REQUIREMENT
Each line from the one with "Toshiba All-in-One PC" through the end of the records below should be transcribed exactly, and each picture should be skipped.

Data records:
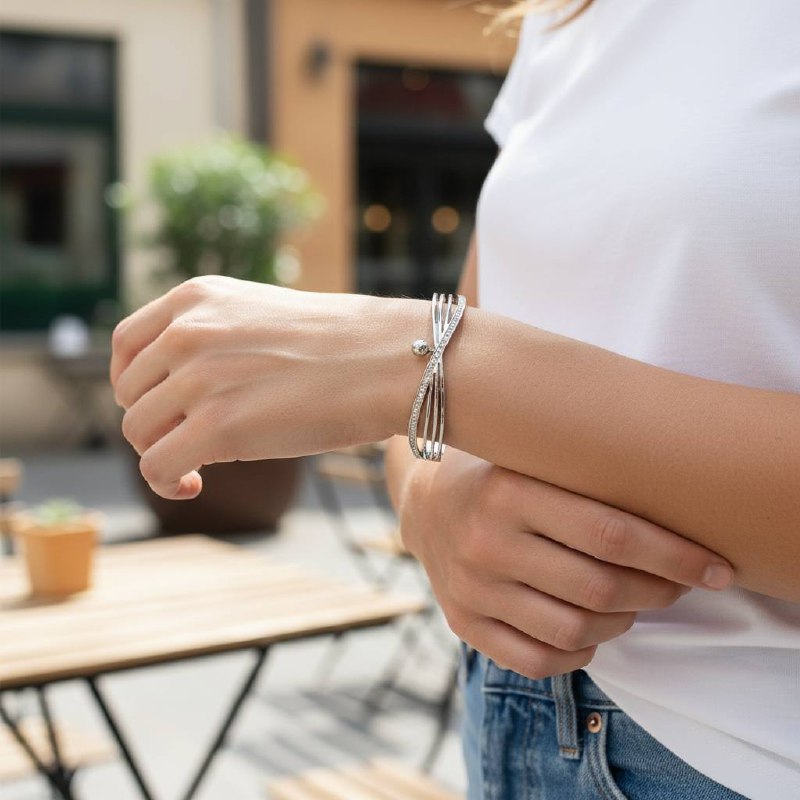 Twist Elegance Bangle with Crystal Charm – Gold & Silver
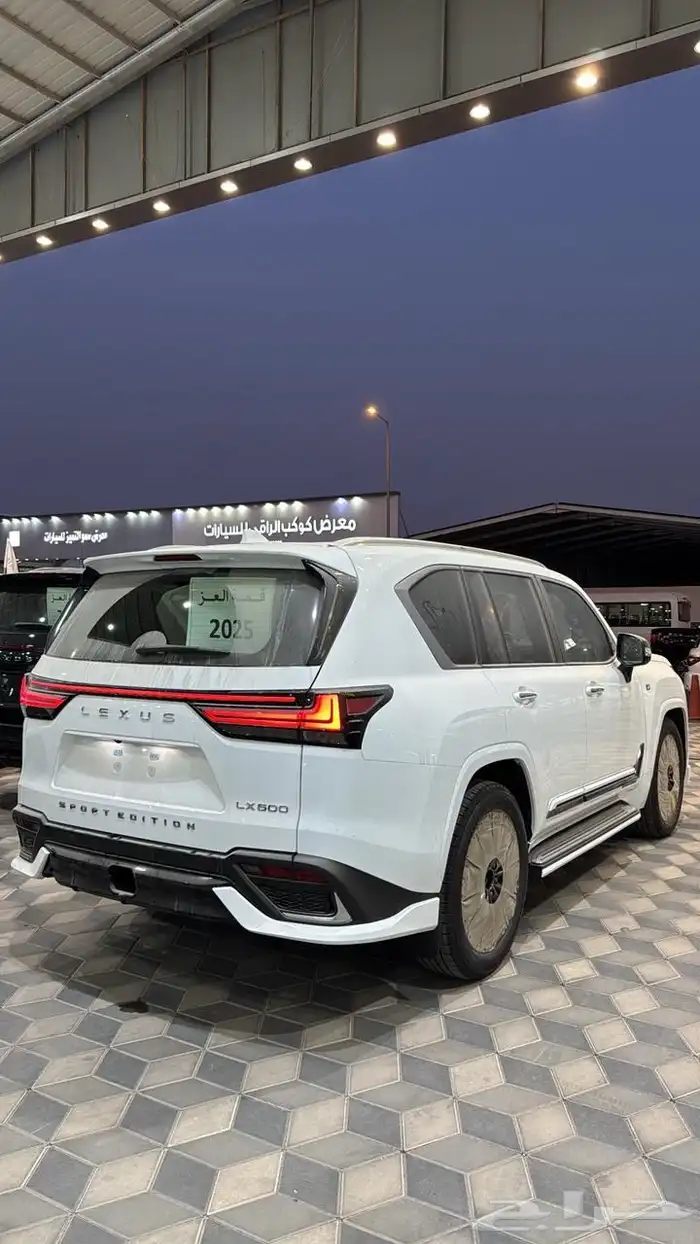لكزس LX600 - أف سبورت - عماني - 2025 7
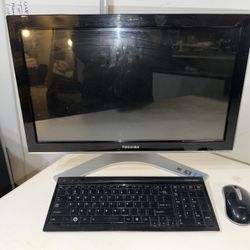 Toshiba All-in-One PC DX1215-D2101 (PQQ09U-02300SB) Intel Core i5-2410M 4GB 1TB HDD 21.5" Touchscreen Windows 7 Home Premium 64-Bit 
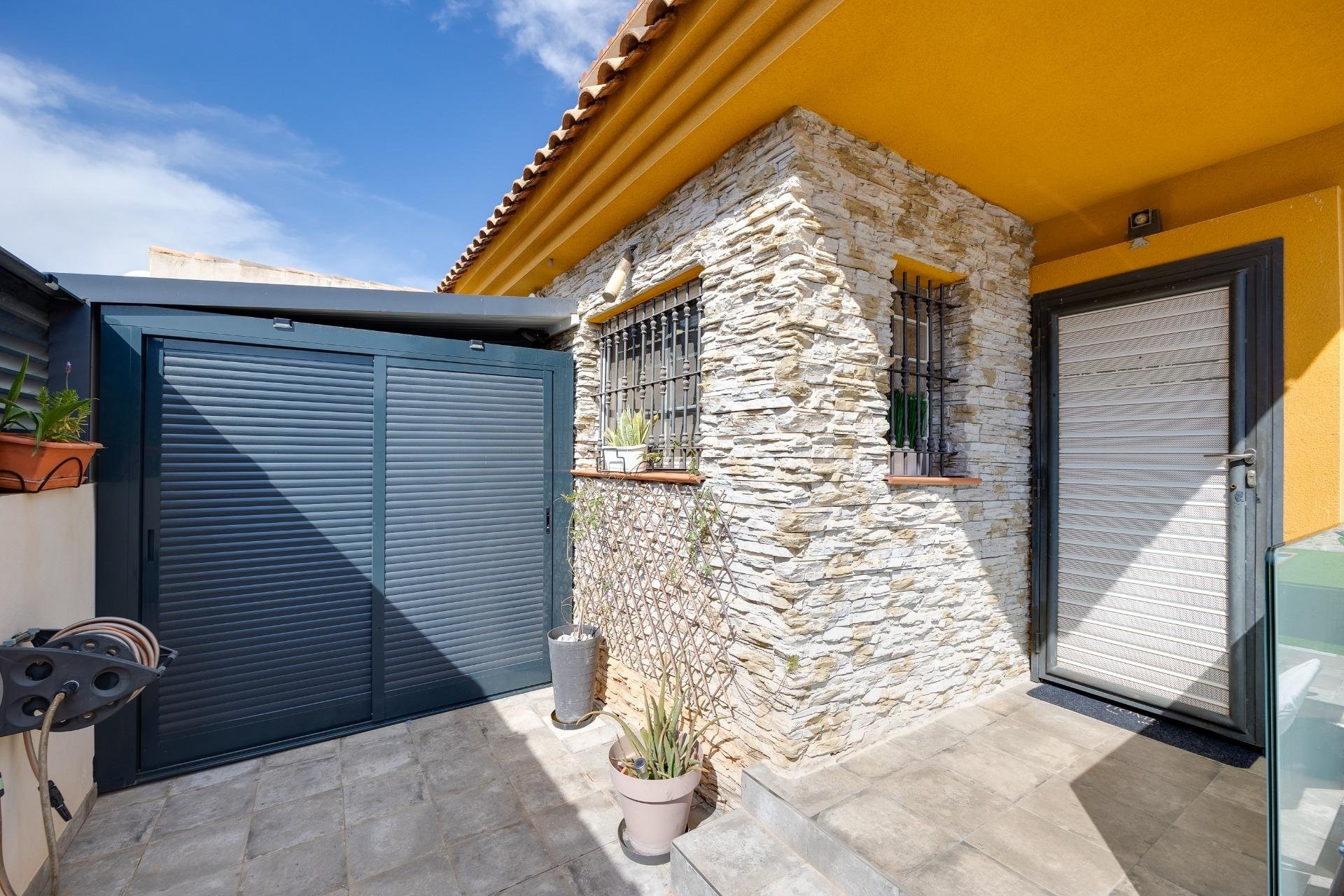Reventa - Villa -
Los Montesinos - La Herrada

THE COMPLETED TASK
 Toshiba All-in-One PC DX1215-D2101 (PQQ09U-02300SB) Intel Core i5-2410M 4GB 1TB HDD 21.5" Touchscreen Windows 7 Home Premium 64-Bit 
Reventa - Villa -
Los Montesinos - La Herrada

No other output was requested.